While concurrency is nice, some citation is needed here. For one, Python is
not going anywhere, and remains spectacularly more popular than Golang.

> _But, no matter how important and useful templated types and immutability
> would be, integrating them into a hypothetical Go 2 would decrease its
> readability and increase compilation times—two things which Go was designed
> to address._

Well, they sacrificed compilation times to get a native compiler (which has no
real utility to the users of the language, on the contrary it makes
bootstrapping a little more messy).

Sacrificing it for Generics seems like a no brainer, but it seems they're not
yet ready to bite the bullet.

As for "sacrificing readability" I don't think that having 30 lines of code
just because you need to make it work with different types is any easier than
having 10 lines of the same code with parametric types. Not to mention NOT
having to write any code at all, because the standard library can finally have
code (e.g for math, collections, etc.) that works across all relevant types.
With Generics people could just reuse a few generic implementations of channel
uses to handle 90% of their concurrency needs.

And it's also much better and easier to parse than using dreadful string
templating kludges or interface{} to get the same behaviour.

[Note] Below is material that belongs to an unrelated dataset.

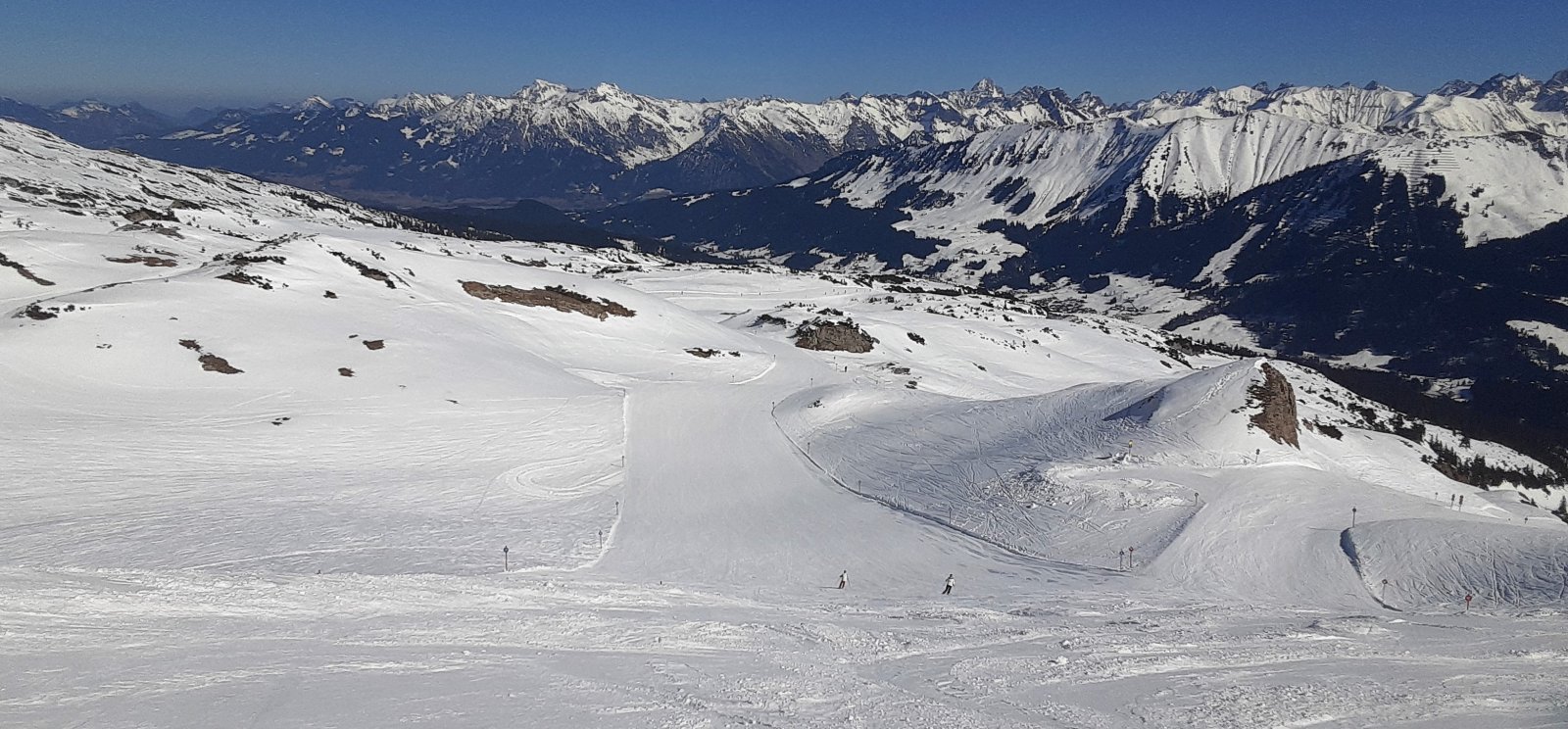 20220310_134450.jpg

I mean, the author mentions all those languages with generics ("Rust, Nim,
Pony, Crystal, and Swift showed that basic templated types are a useful, and
increasingly, expected feature of any language—just like concurrency"). Does
he see the users of those languages complaining about generics being a burden?

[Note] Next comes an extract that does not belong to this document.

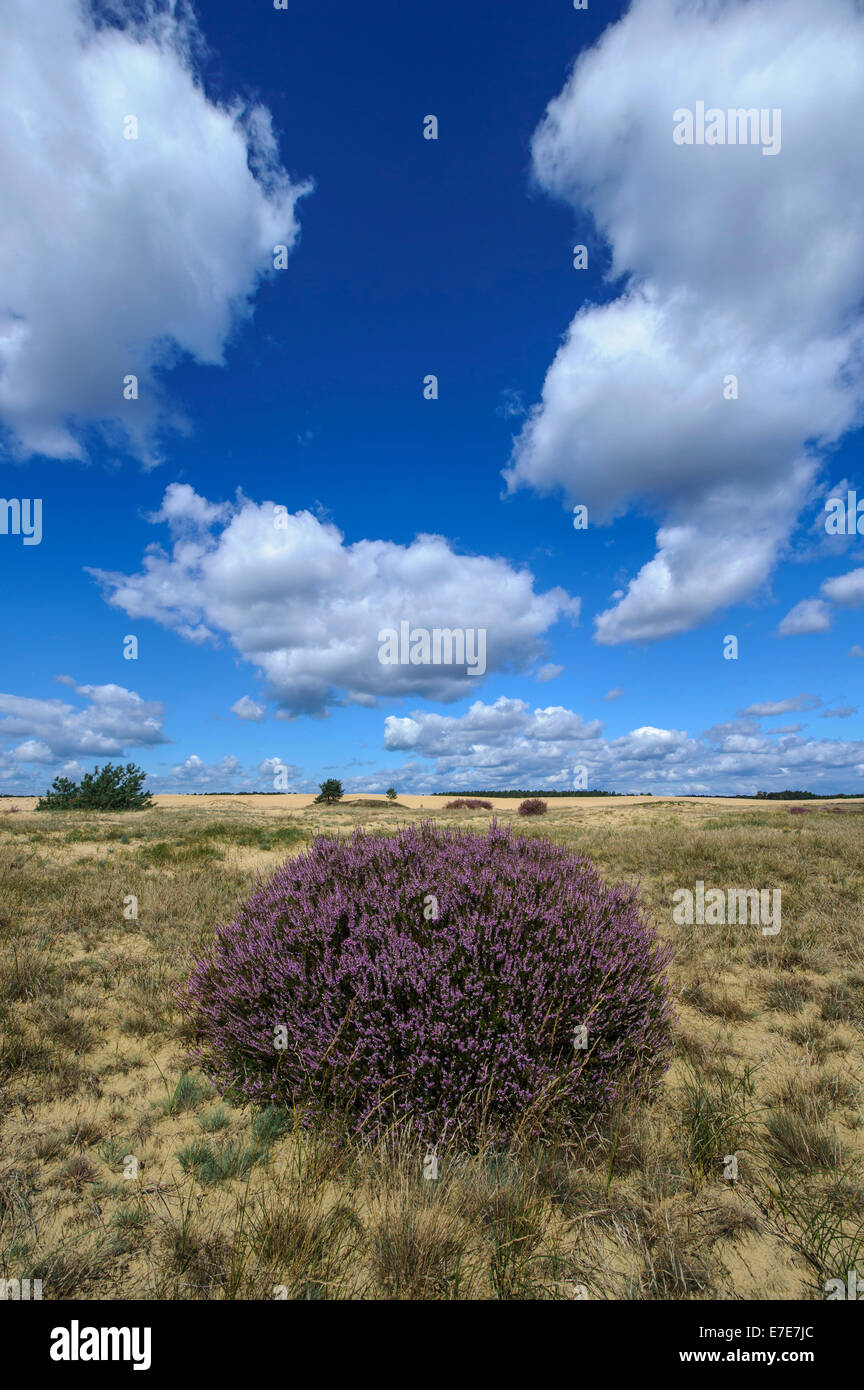 gemeinsamen Heide (Calluna Vulgaris) im Hoge Veluwe National Park, Gelderland, Niederlande Stockfoto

Why do people always have to lament the terrible burden Generics will bring to
Go in advance, when millions of us (literally, just add Java and C#
programmers) just use generics in other languages without thinking twice about
it?

There's a proverb in my country, that "He who'd rather not knead the dough (to
make bread), keeps sifting the flour for days".

In programming terms it would translate roughly to: "He who is too lazy to
build a bikeshed or doesn't like the prospect of building one, will keep on
discussing the color it should give it".

Which I think is the case whenever anybody from the core Go team discusses
Generics.

> _As it stands now, generics or immutability can’t just be added to Go and
> still call it simple._

It's 2017. Neither are particularly difficult to grasp for a modern
programmer. Even enterprise Java programmers have been using the former for a
decade already, and they're not known for the wild experimental nature...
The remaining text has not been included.